At a voting station in Stockholm’s Central Station, 34-year-old IT worker Erwin Marklund said he was concerned about the rise of the far right and had voted for the small Left Party.

“It’s important to not get the far right into the system,” he told reporters.

The right-wing bloc has never before agreed to cooperate with the nationalist and anti-immigration Sweden Democrats, long treated as pariahs by other political parties.

The far right has leaped to second place in opinion polls behind the Social Democrats in the final weeks of the campaign, credited with about one-fifth of votes.

Their surge — overtaking the traditional leaders of the right-wing bloc, the conservative Moderates — was attributed to an election race focused on issues close to their voters, including crime, segregation and the integration of immigrants.

However, Andersson, 55, hopes to hang onto power with the support of the small Left, Center and Green parties.

Speaking to reporters at a rally on the eve of the vote, she said she hoped she had convinced voters “that the Social Democrats are a party for ordinary people, for workers, with good safety nets, good jobs and a good future.”

Andersson, whose party has dominated Swedish politics since the 1930s, enjoys broad support among Swedes.

She has consistently led her challenger for the post of prime minister, Moderates leader Ulf Kristersson, by a wide margin in opinion polls.

Yet pollsters put the two blocs in an almost dead heat, predicting 49.7 to 51.6 percent of voter support for the left and 47.6 to 49.4 percent for the right.

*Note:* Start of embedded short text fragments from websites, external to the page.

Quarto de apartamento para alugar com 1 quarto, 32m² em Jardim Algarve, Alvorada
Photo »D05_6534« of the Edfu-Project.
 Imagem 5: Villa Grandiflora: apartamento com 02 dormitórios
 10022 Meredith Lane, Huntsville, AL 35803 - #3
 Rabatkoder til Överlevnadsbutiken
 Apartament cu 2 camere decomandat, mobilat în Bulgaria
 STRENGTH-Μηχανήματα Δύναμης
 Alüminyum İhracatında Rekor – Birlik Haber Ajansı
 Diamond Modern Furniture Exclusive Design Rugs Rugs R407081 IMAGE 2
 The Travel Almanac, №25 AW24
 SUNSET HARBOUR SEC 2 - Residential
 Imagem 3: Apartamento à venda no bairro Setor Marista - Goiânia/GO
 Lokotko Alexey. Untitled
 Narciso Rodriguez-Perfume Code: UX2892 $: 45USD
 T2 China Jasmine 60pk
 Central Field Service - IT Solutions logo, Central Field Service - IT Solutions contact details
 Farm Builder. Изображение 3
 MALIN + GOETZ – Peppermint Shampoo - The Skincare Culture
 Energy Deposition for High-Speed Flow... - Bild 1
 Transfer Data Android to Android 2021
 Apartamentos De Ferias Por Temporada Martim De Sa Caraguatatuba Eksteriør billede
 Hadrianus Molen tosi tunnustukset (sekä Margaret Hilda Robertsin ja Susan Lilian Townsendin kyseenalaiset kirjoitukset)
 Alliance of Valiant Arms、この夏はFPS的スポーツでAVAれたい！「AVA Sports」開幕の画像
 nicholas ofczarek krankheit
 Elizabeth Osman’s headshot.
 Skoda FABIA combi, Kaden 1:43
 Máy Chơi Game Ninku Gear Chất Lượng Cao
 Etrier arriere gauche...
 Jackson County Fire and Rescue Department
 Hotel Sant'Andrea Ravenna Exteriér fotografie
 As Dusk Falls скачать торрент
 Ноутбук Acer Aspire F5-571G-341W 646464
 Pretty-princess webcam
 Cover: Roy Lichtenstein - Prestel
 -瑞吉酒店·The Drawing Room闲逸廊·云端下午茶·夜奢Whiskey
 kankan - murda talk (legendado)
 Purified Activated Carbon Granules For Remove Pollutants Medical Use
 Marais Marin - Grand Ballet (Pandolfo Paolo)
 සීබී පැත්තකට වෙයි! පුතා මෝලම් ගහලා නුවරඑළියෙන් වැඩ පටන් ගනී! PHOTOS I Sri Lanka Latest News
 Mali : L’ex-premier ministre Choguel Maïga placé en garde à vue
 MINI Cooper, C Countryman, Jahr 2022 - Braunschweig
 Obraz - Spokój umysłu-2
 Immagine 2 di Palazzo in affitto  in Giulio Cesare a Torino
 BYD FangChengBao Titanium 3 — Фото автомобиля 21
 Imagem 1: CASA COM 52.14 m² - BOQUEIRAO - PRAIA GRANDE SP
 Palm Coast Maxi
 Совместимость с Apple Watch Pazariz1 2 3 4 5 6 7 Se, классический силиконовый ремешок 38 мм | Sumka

Kristersson is the architect behind a major U-turn for the right wing.

He launched exploratory talks with the Sweden Democrats in 2019 and deepened their cooperation before the two other small right-wing parties, the Christian Democrats and to a lesser extent the Liberals, followed suit.

“As it stands, we have two fairly clear blocs,” political scientist Katarina Barrling told reporters, adding that it should be fairly easy to predict the next prime minister after election night.

However, both blocs are beset by internal divisions that could make for laborious negotiations to build a coalition government.

The previous 2018 election resulted in a four-month stalemate that ended with the Social Democrats forming a minority government.

That would be a nightmare scenario this time around.

In addition to a looming economic crisis, Sweden is in the delicate process of joining NATO and is due to take over the EU presidency next year.

“The pressure to have a united and effective government is larger today than in the last election”, Barrling said.

The end of the Sweden Democrats’ political isolation, and the prospect of it becoming the biggest right-wing party, is “an enormous shift in Swedish society,” said Anders Lindberg, an editorialist at left-wing tabloid Aftonbladet.

Born out of a neo-Nazi movement at the end of the 1980s, the Sweden Democrats entered parliament in 2010 with 5.7 percent of votes. They won 17.5 percent in 2018.

The party’s surge comes as Sweden struggles to combat escalating gang shootings attributed to battles over the drugs and weapons market.

The country tops European statistics for firearm deaths.